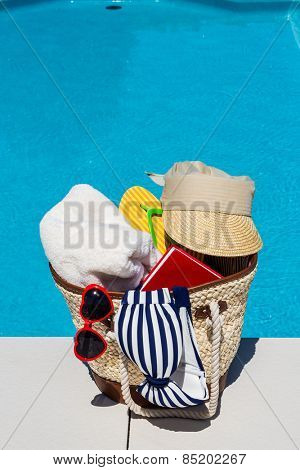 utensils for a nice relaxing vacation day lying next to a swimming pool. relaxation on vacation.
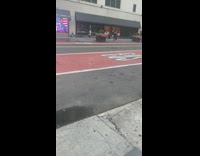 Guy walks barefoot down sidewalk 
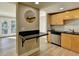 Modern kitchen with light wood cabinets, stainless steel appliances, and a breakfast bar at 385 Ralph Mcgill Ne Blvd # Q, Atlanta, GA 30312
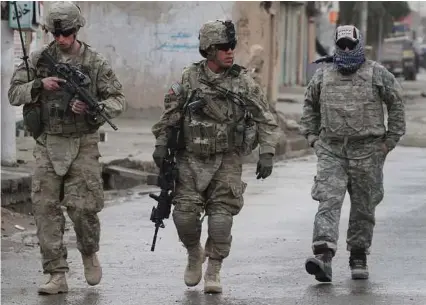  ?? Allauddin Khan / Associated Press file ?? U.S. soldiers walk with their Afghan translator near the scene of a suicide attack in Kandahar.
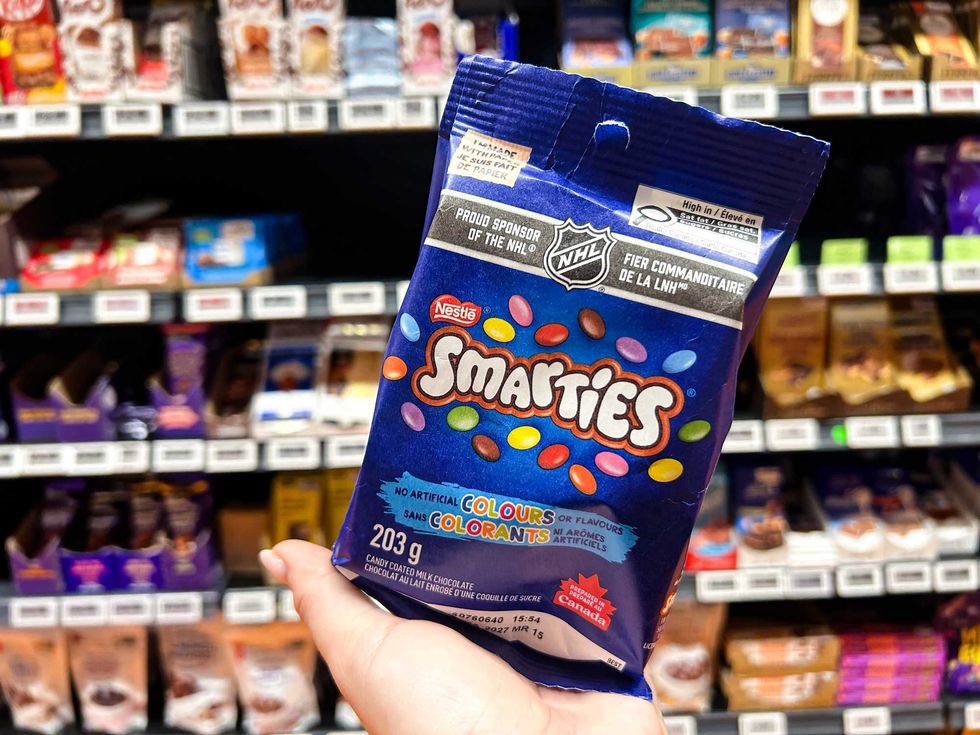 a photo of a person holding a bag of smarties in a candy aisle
-----
What the exercise asks:
Everything in the records above should come back word for word, except the pictures.

Result:
 utensils for a nice relaxing vacation day lying next to a swimming pool. relaxation on vacation.
 Guy walks barefoot down sidewalk 
 Modern kitchen with light wood cabinets, stainless steel appliances, and a breakfast bar at 385 Ralph Mcgill Ne Blvd # Q, Atlanta, GA 30312
  ?? Allauddin Khan / Associated Press file ?? U.S. soldiers walk with their Afghan translator near the scene of a suicide attack in Kandahar.
 a photo of a person holding a bag of smarties in a candy aisle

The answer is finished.